図表8 食料・エネルギー等の価格上昇に伴う年収階級別の負担増(2022・23年度)

(注)2022年度、2023年度それぞれの前年度に対する負担増額を試算。二人以上世帯、用途分類別データ。負担率は年間収入に対する負担額の比率
(出所)総務省「家計調査」等より、みずほリサーチ&テクノロジーズ作成

個人消費の回復ペースは緩やかに。企業の価格設定の慎重化で賃上げ率鈍化の懸念も

こうした状況では、個人消費の力強い回復は見込みにくい。コロナ禍で積み上がった超過貯蓄(2023年1~3月期時点で60兆円程度と試算)が物価高の影響を和らげるほか、コロナの感染分類変更などに伴う感染懸念の後退が引き続きサービス消費の押し上げ要因になることで個人消費の腰折れは避けられるとみているが、大幅なリベンジ消費の発現は期待できないと言ってよいだろう。実質ベースで個人消費がコロナ禍前(2019年平均)の水準を取り戻すのは24年半ば頃までずれ込むと予測している(図表9)。

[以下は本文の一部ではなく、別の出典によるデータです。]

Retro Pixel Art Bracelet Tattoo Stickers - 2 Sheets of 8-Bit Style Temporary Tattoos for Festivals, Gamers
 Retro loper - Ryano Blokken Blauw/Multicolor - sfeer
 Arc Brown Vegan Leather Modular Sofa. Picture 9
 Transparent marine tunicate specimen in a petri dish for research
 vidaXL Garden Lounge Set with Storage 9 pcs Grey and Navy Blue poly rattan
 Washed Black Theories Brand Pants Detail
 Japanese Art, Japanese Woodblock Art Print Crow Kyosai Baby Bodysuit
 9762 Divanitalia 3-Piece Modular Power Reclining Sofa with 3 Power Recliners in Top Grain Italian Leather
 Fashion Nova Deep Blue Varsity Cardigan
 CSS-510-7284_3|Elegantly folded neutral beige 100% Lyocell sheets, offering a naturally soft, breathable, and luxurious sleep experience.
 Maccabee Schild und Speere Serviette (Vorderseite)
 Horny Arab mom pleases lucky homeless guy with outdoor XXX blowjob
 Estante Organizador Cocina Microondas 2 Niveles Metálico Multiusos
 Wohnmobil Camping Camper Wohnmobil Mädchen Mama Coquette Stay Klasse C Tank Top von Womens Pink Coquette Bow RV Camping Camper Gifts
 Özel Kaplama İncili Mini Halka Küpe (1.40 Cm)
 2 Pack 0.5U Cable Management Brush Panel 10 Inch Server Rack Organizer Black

これまで見てきたように物価高が家計の重石になる状況が続き、消費者が「値上げ疲れ」してしまえば、企業も追加的な値上げに対しては慎重にならざるを得なくなる可能性が高い。プライベートブランドが低価格商品の販売に踏み切るなど「抜け駆け」して顧客を囲い込むような行動が広がれば、価格競争圧力は再び高まるだろう。価格競争が激化する結果として企業が十分な売上・収益を得ることが出来なければ、賃上げの原資を確保するのが難しくなるという「悪循環」に陥ってしまうことも懸念される。

図表9 実質個人消費の見通し

(注)点線はコロナ禍前(2019年平均)の水準を示す
(出所)内閣府「四半期別GDP速報」より、みずほリサーチ&テクノロジーズ作成

足元の状況をみても、食料品を中心とした生活必需品を販売する業種(スーパー、コンビニエンスストア)の消費単価はコロナ禍前対比で上昇している一方、それ以外の業種(サービス業等)ではコロナ禍前を下回る状況であり、需要が底堅い生活必需品以外の品目では依然として値上げの動きが広がりにくい様子がうかがえる(図表10)。さらに、前述した高い賃上げ率の実現は企業にとって人件費の大幅な上昇を意味するが、中小企業庁「価格交渉促進月間(2023年3月)フォローアップ調査の結果について」(2023年6月)によれば、企業は原材料費と比して人件費の転嫁にはやや慎重姿勢が残っていることがわかる(図表11のとおり、転嫁率は原材料費より1割強低い状況だ)。資源高や円安による原料費高騰については販売価格への転嫁も受け入れられやすい一方、自社の人件費上昇に対しては経営努力での吸収を求められる傾向があると考えられる。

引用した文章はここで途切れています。